Expressing further displeasure, Arora says, “Reducing funding costs in real estate is the need of the hour as it would only bring in more investments and create more jobs. However, the RBI has not addressed this crucial issue.”
No change in the home loan interest rates, despite frequent cuts in repo rates, is also being seen as a major setback. Lalit Kumar Jain, CMD, Kumar Urban Development Ltd and Former Chairman, CREDAI believes this step to be gradational in renewing the zest of the real estate sector, however, says, "The net effect has to be translated into an interest rate cut, that has not happened as yet. Despite the RBI cutting the repo rate by 75 basis points in recent past, the net reduction by banks has not been more than 25-30 points.”

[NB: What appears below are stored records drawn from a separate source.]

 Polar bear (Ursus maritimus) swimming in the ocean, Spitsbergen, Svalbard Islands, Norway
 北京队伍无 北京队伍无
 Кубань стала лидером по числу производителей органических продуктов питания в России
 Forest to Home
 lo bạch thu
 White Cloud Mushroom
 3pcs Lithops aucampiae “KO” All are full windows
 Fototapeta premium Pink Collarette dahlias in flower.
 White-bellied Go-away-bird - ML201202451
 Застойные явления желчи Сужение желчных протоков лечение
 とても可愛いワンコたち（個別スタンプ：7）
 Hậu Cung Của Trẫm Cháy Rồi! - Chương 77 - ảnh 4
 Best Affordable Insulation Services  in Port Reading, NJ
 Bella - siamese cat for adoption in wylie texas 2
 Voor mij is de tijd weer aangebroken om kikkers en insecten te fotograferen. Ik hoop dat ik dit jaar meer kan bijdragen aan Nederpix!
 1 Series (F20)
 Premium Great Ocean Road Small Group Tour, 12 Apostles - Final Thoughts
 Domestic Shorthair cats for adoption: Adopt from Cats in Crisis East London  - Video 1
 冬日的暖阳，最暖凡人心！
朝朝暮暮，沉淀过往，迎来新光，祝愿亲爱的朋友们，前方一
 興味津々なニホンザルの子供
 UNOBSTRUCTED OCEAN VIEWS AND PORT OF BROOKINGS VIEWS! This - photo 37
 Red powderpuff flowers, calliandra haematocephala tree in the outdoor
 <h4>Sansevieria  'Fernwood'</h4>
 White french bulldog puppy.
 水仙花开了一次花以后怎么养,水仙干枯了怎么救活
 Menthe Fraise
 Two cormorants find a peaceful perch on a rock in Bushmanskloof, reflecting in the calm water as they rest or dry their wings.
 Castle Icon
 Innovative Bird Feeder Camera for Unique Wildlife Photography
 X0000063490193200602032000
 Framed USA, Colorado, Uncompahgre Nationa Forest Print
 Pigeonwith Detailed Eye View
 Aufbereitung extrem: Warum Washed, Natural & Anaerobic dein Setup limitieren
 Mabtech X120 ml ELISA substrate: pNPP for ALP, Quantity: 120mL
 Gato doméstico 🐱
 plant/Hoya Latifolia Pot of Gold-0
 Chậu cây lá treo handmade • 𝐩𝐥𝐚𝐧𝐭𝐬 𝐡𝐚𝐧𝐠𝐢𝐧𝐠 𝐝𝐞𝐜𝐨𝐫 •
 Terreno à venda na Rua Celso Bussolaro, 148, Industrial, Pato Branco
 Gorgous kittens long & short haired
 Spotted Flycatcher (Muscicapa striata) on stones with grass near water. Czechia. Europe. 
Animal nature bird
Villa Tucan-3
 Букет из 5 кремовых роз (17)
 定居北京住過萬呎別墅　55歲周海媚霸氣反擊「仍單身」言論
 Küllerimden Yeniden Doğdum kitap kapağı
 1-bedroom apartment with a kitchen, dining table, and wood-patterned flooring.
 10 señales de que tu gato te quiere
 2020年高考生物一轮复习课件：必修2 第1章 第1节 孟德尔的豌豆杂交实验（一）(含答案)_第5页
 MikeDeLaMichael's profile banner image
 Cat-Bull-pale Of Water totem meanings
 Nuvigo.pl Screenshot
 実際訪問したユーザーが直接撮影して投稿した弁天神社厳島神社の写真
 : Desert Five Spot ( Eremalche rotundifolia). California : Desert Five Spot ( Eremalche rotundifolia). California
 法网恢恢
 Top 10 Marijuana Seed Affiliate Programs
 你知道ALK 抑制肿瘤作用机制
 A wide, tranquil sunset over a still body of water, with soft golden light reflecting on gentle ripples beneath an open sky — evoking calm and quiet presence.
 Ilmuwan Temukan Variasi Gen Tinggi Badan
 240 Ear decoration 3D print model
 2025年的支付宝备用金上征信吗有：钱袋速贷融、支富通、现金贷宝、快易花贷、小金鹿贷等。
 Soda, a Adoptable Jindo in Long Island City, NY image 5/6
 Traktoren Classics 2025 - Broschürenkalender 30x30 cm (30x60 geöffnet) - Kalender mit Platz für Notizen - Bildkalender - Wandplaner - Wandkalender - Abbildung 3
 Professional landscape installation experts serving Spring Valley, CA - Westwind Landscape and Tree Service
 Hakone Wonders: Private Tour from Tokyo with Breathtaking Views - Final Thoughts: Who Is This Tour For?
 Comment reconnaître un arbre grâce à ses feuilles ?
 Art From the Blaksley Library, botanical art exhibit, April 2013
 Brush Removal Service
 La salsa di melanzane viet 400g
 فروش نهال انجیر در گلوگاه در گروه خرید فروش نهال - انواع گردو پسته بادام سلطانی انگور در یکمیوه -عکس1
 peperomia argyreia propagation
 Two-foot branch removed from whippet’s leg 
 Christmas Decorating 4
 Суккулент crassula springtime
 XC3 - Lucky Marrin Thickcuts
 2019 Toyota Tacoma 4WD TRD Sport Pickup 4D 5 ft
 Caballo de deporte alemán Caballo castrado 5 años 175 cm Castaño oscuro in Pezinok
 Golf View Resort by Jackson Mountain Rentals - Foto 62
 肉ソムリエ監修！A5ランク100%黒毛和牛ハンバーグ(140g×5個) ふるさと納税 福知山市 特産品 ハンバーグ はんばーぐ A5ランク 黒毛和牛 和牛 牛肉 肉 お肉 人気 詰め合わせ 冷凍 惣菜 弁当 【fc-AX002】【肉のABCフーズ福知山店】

While the move may not seem to have impressed many developers due to its poor impact on the property prices, customer sentiments and sales, it still has been welcomed for its potential to trigger improvement in the realty space. Amit Modi, Director- ABA Corp and Vice President, CREDAI Western UP says, “While it is indeed a step in the right direction, 25 basis points cut may not be enough to spur the investment cycle. There is definitely more required, and lending rates will have to further come down by at least one or two percentage points to improve the general sentiment towards investments in the country.”